Am 11.02.2014 13:05, schrieb Daniel P. Berrange:
On Sat, Feb 08, 2014 at 06:37:43PM +0100, Richard Weinberger wrote:
> Add a new helper function to change the permissions
> of a control group.
>
> Signed-off-by: Richard Weinberger <richard(a)nod.at>
> ---
> src/lxc/lxc_controller.c | 7 +++++++
> src/util/vircgroup.c | 43 +++++++++++++++++++++++++++++++++++++++++++
> src/util/vircgroup.h | 2 ++
> 3 files changed, 52 insertions(+)
>
> diff --git a/src/lxc/lxc_controller.c b/src/lxc/lxc_controller.c
> index f7b614b..6e348b3 100644
> --- a/src/lxc/lxc_controller.c
> +++ b/src/lxc/lxc_controller.c
> @@ -2223,6 +2223,13 @@ virLXCControllerRun(virLXCControllerPtr ctrl)
> goto cleanup;
> }
>
> + /* setup control group permissions for user namespace */
> + if (ctrl->def->idmap.uidmap) {
> + if (virCgroupSetOwner(ctrl->cgroup,
ctrl->def->idmap.uidmap[0].target,
> + ctrl->def->idmap.gidmap[0].target))
> + goto cleanup;
> + }
> +
I wonder is it possible to just do the ownership change in the
virLXCCgroupCreate method ? When the container then does the
bind mount, it should preserve the ownership correctly.
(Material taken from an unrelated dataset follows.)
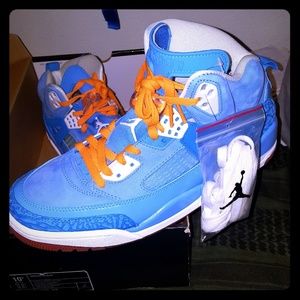 Nike ®Air Jordan ™ Retro Spizikes sz 10.5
This
would avoid any need for the extra handshake synchronization.
Bah, I've overlooked that. Of course it works.
Much simplified patch is on its way.
Thanks for pointing this out!
> diff --git a/src/util/vircgroup.c b/src/util/vircgroup.c
> index a6d60c5..b66ffed 100644
> --- a/src/util/vircgroup.c
> +++ b/src/util/vircgroup.c
> @@ -3252,6 +3252,49 @@ cleanup:
> return ret;
> }
>
> +int virCgroupSetOwner(virCgroupPtr cgroup, uid_t uid, gid_t gid) {
> + size_t i;
> +
> + for (i = 0; i < VIR_CGROUP_CONTROLLER_LAST; i++) {
I think we only want to set ownership for VIR_CGROUP_CONTROLLER_SYSTEMD.
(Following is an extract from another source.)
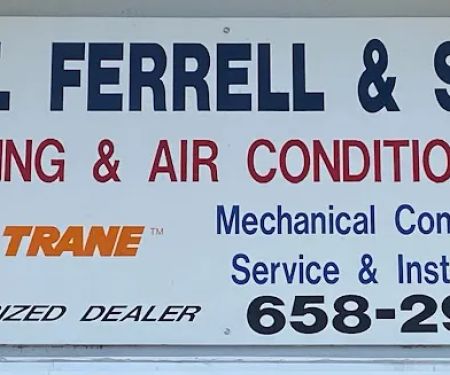 E.T. Ferrell & Son Heating & Air Conditioning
We don't want to give the container permission to change resource
controllers, this that would allow it to potentially escape its resource
limits. You might think the hierarchy would lock things down, but I
believe the kernel developers still say it is unsafe to delegate cgroup
resource controllers to unprivileged users.
That's right. But then we should generally only delegate the systemd cgroup
to a container.
...patch sent.
Thanks,
//richard